What you are asked to do =>
After locating the line that contains "Artificial bird berry" in the data below, set down exactly that line and each one after it through the line that contains "Durga Maa Wallpapers HD應用截圖第2張", and nothing more.

Records to process =>
◇ ◇ ◇ ◇ ◇ ◇ ◇

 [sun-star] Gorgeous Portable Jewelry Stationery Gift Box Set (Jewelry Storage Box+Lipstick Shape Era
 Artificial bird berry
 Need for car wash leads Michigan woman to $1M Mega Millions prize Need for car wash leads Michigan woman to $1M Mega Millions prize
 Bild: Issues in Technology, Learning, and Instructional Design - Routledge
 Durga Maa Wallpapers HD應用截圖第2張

◇ ◇ ◇ ◇ ◇ ◇ ◇

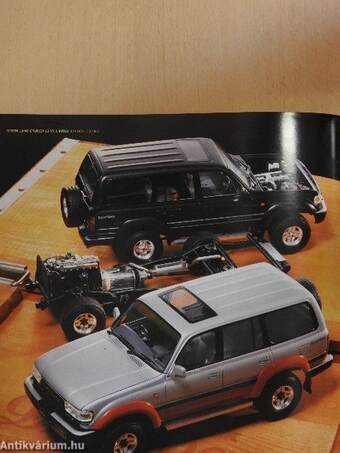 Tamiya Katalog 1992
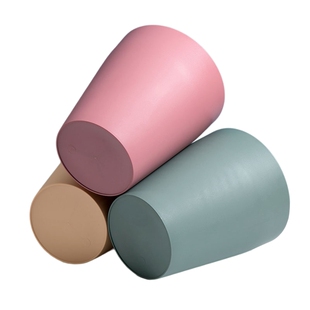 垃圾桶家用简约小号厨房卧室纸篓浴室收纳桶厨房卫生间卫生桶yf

◇ ◇ ◇ ◇ ◇ ◇ ◇

Solution to the problem =>
 Artificial bird berry
 Need for car wash leads Michigan woman to $1M Mega Millions prize Need for car wash leads Michigan woman to $1M Mega Millions prize
 Bild: Issues in Technology, Learning, and Instructional Design - Routledge
 Durga Maa Wallpapers HD應用截圖第2張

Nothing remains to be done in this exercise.